原位反应自发渗透法TiC/AZ91D镁基复合材料及AZ91D镁合金的拉伸变形与断裂行为

Tensile Deformation and Fracture Behavior of AZ91D Magnesium Alloy and TiC/Mg Magnesium Matrix Composites Synthesized by in situ Reactive Infiltration Technique

利用原位反应自发渗透技术合成了47.5%碳化钛TiC(体积分数,下同)增强AZ91D镁基复合材料,对比研究了该复合材料与铸态镁合金AZ91D基体的室温与高温拉伸变形行为,观察了拉伸断口微观组织形貌,并分析了这两种材料的断裂特征。结果表明,TiC/Mg复合材料具有良好的高温力学性能,在拉伸变形速率为0.001s-1以及温度为723K,时其拉伸强度可达91.1MPa,而此时相同变形条件下的铸态AZ91D镁合金拉伸断裂强度只有41.1MPa,增幅达120%;而在室温下,镁基复合材料的拉伸断裂强度仅高出基体铸态镁合金23.4%。镁基复合材料的断裂应变较低,高低温时均表现为脆性断裂;而镁合金则由室温下的脆性断裂向高温下的韧性断裂过渡。

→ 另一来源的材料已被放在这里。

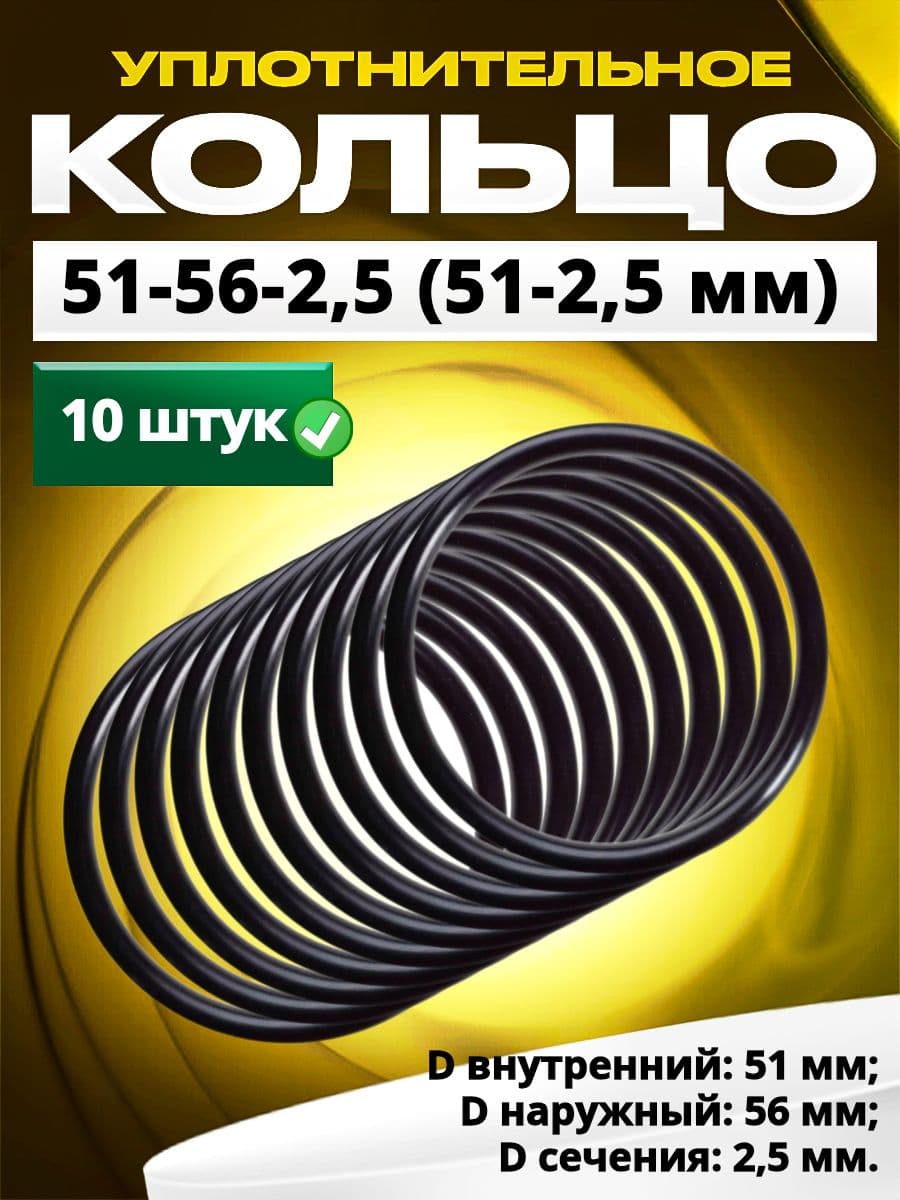 Кольцо 051-056-2,5 (51-2,5 мм) уплотнительное резиновое, 10 штук.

A newly developed cost-effective processing route, in situ reactive infiltration technique, was utilized to fabricate 47.5vol.%TiC/AZ91D magnesium matrix composites. A comparative study was made on the tensile deformation behavior at room and elevated temperatures for the as synthesized composites and the matrix alloy magnesium AZ91D and their fracture characteristics were also analyzed as well. The results show that the TiC/Mg composites fabricated by in situ reactive infiltration process possess excellent high-temperature mechanical properties. The ultimate tensile strength of the matrix magnesium alloy AZ91D at 723 K and a strain rate of 0.001 s^-1 is 41.1 MPa, while that of TiC/Mg composites at the same deformation conditions increases by 120% and reaches 91.1 MPa. At room temperature, the ultimate tensile strength of the composites increases only by 23.4% as compared with the AZ91D alloy. The SEM observation of the morphologies for the fractured surfaces reveals that the fracture mode differs from one another in that the composites are of brittle characteristic at room and elevated temperatures due to its limited failure strain, whereas the fracture mode of the magnesium alloy has a transition from brittleness at room temperature towards ductileness at elevated temperature.